*TASK OBJECTIVE*.
Where the data below shows a picture, leave that picture out and copy the rest exactly.

═════ RECORDED INFORMATION

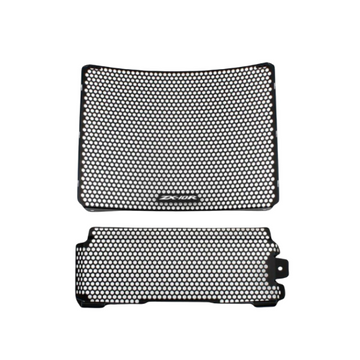 KAWASAKI ZX10R (21-24) HONEYCOMB DESIGN RADIATOR GUARD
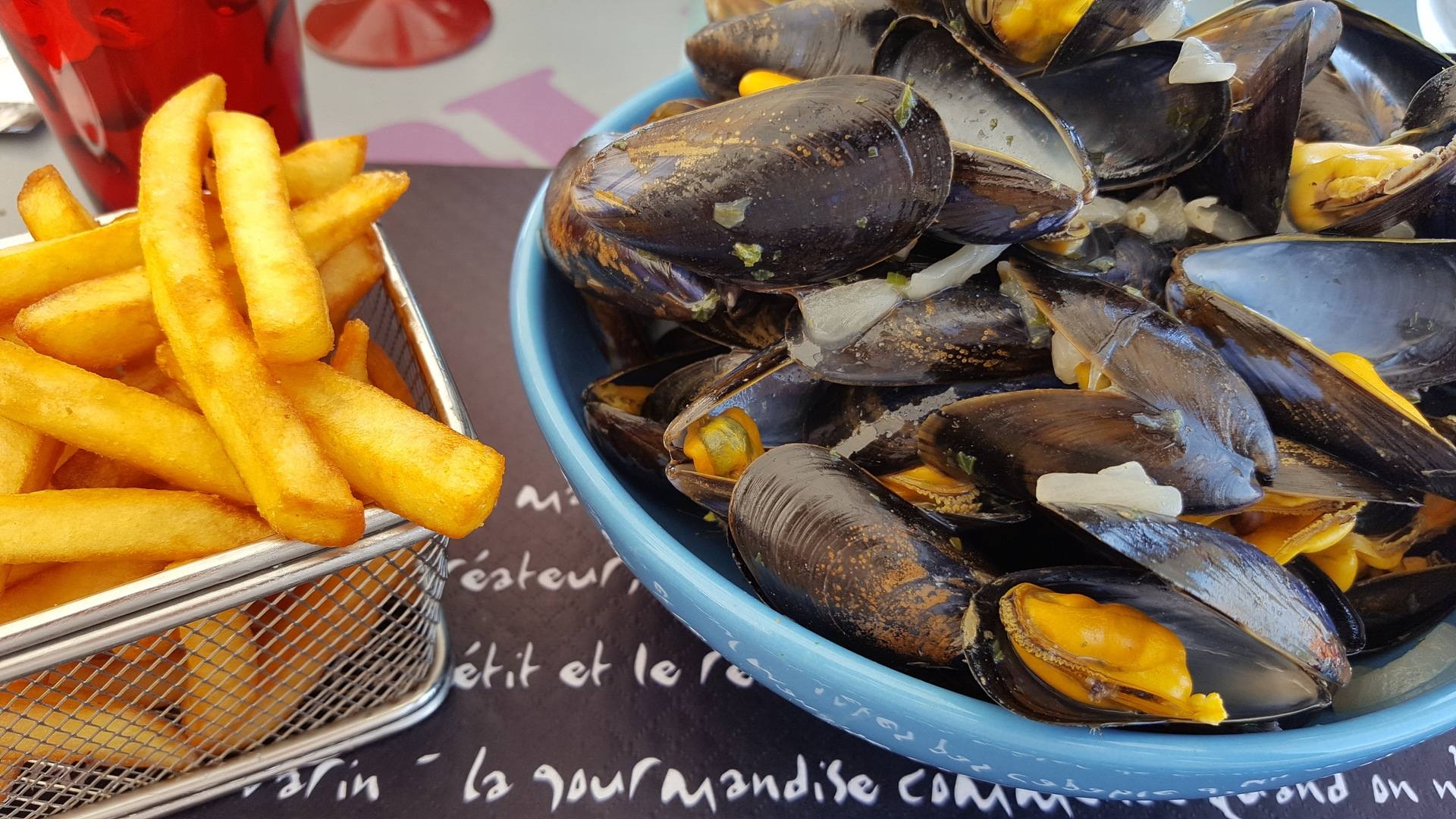 Restaurant La Ponetère, Charron
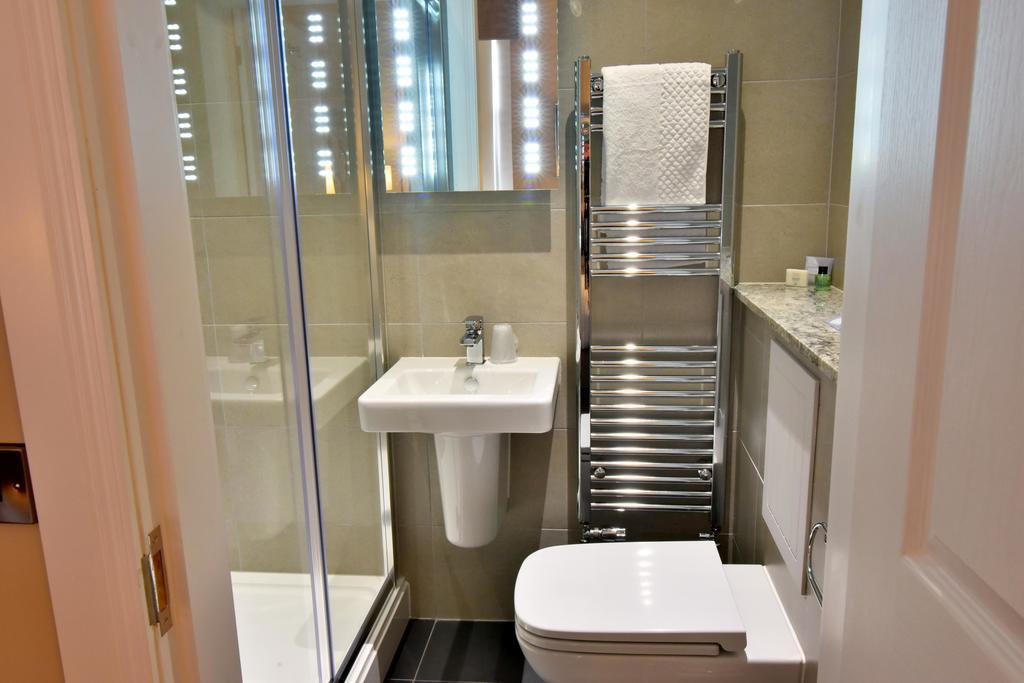 The Townhouse Aberfeldy - Rooms & Breakfast Pokoj fotografie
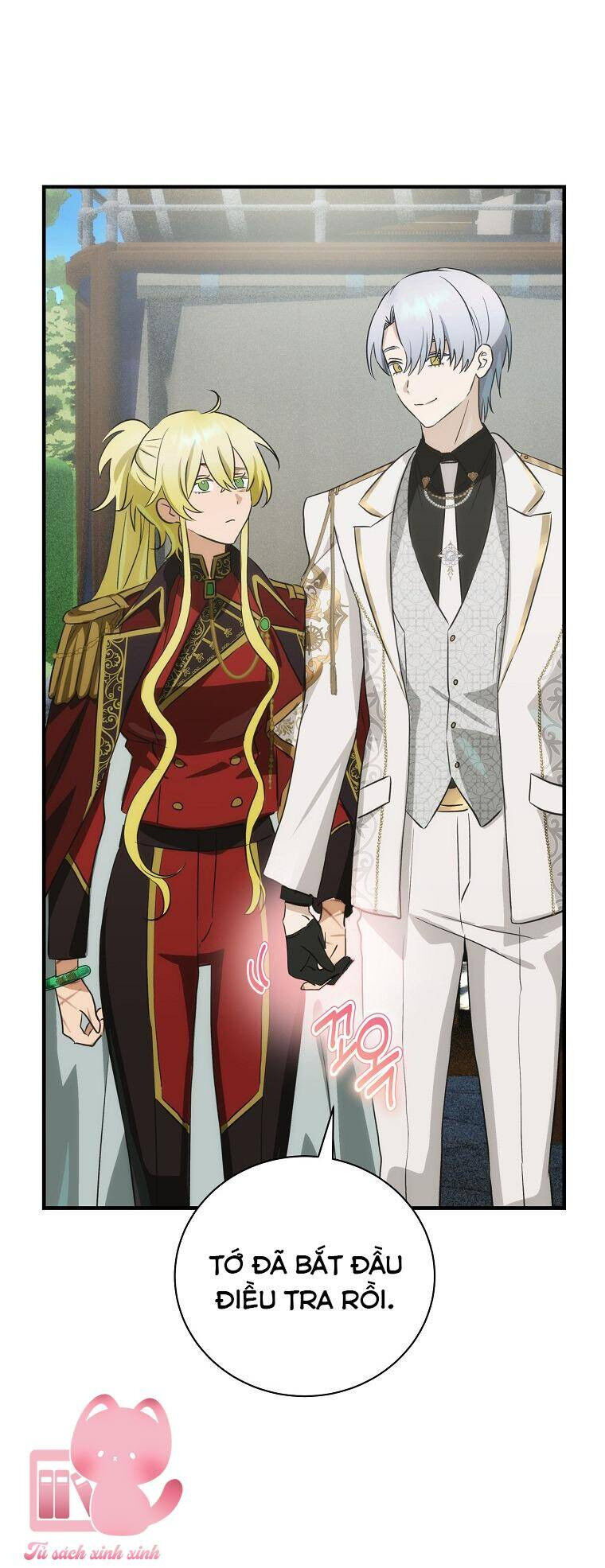 Hôn Nhân Gỉa Dối - Chap 82 - Trang 47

══════════

*COMPLETED TASK*.
 KAWASAKI ZX10R (21-24) HONEYCOMB DESIGN RADIATOR GUARD
 Restaurant La Ponetère, Charron
 The Townhouse Aberfeldy - Rooms & Breakfast Pokoj fotografie
 Hôn Nhân Gỉa Dối - Chap 82 - Trang 47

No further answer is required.